Note on the spell Creation – An illusionist can cast this at night, creating a wooden nickle (or something), and then use malleable illusion to change it to another object over and over during the day – the DM has to determine if changing it to an inorganic object exceeds the duration of the spell (Probably yes depending on the time the change occurred) but imagine your owl flying with a wooden nickle over an enemy and then having you change it into a 5′ spiked ball of oak (or something equally dense and heavy). This would drop about 1000 pounds on an enemy! Then after the fight, turn it back into a wooden nickle and put it in your pocket!
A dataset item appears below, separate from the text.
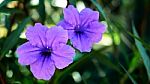 Close Up Purple Flower In Garden Stock Photo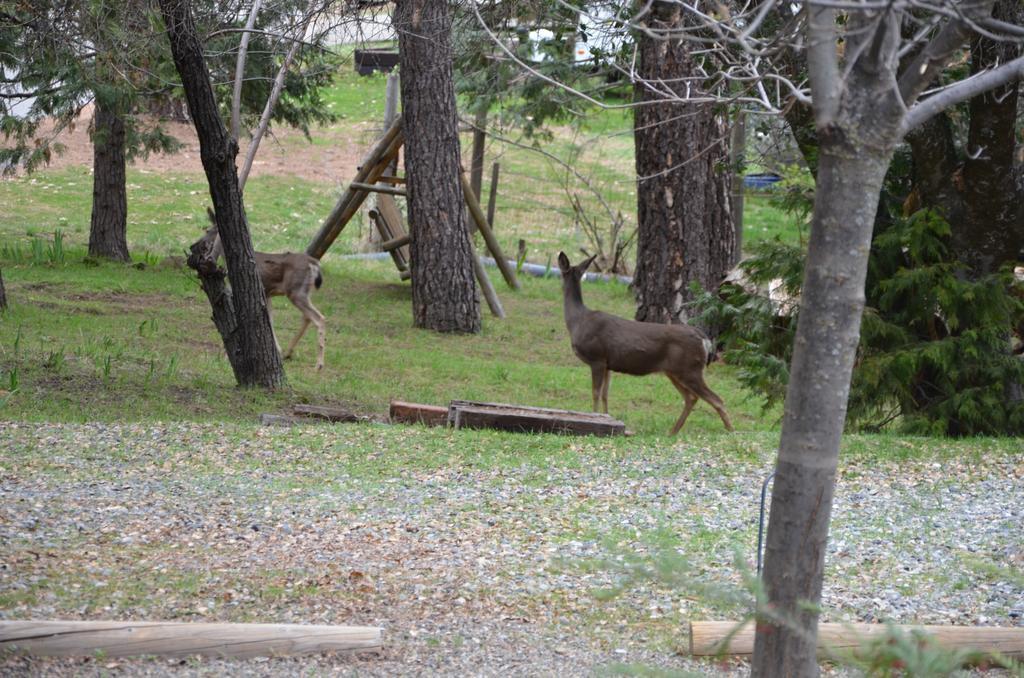 Yosemite Bass Lake House Bass Lake Annex Екстериор снимка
Elementals are not that smart are they ? It wouldn’t make sense for them to find every far fetched ways to misinterpret your commands Don’t cast cloudkill. Cast sunbeam. Or let the cleric cast moonbeam Skill empowerment is much more powerful than ehance ability. You can reliably hit high skill dc at high level
As you get towards 7th level spells, have you thought any more about Mirage Arcane? I commented on your Moon Druid article that I think it’s super powerful with some smart imagination, and you responded that you didn’t think it could make walls because that’d be ‘concealing’ creatures, and you didn’t think the ‘physical interaction’ ability of the illusion would affect objects since they don’t have a sense of touch. I responded but you didn’t seem to return to it, so in case it got lost in the ocean of comments or for the benefit of others here, the gist of it is: the walls argument would prevent you from creating anything that might block line of sight to anything else if that’s your definition of ‘conceal’, and the illusion-doesn’t-affect-objects argument would mean illusory hills or crevasses would have nonsensical effects on a pulled cart or dropped objects. While dynamic environmental effects like lava or rockslides aren’t addressed and DMs might disallow them, I do think you can make mile-high adamantine walls and the like, just based on the logic contained in the spell (hills are implied in terrain, crevasses are explicitly mentioned, and the intention is that these things supply real collision forces—or lack-of-collision-forces, in the case of the crevasse—to both creatures and pulled carts etc). The truesight wording is unfortunately vague about whether they can choose to NOT interact with the illusion… if they can ignore it, there are some similarly nonsensical situations though (what happens if they drop/throw an item while they’re inside an illusory hill?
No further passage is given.